AtlasOfLivingAustralia / biocache-store

Occurrence processing, indexing and batch processing
Other
7 stars 24 forks source link

Add more fields to GBIF export #221

Closed ansell closed 7 years ago

ansell commented 7 years ago

GBIF would like more fields added to the exported archives, specifically:

collectionID
datasetID
datasetName 
language/dcterms:language 
modified/dcterms:modified 
rightsHolder/dcterms:rightsHolder 
fieldNumber
georeferencedDate 
higherClassification 
higherGeography 
institutionID 
lifeStage 
municipality 
occurrenceStatus 
ownerInstitutionCode 
preparations
sex
subgenus 
typeStatus 
verbatimLocality
geodeticDatum 
scientificNameAuthorship

associatedMedia was also requested, but it is not useful in its unprocessed form (as there are a large number of relative URIs in the unprocessed data that will make no sense in a pure CSV Darwin Core Archive, and we aren't sending processed data to GBIF currently.

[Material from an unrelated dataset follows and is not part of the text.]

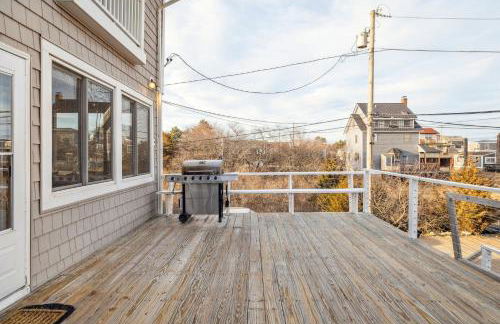 It's All Good Hot Tub Steps to Beach Yard - Foto 37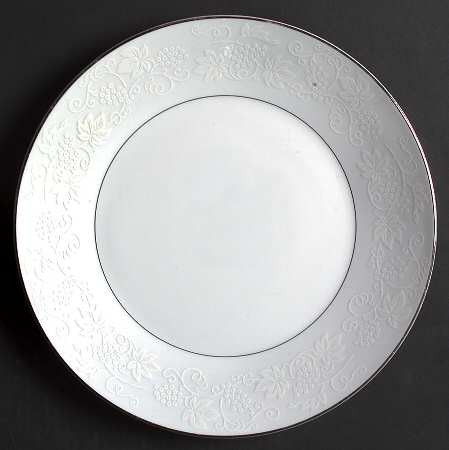 Premiere Dinner Plate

We need to examine the associatedMedia situation in future.

ansell commented 7 years ago

One minor side-effect to my processing/analysis will be relocating/renovating the use of /tmp when analysing archives on cave as its /tmp is ~5GB and the archives will be larger than that when uncompressed, as some are already pushing close to that limit in their current form.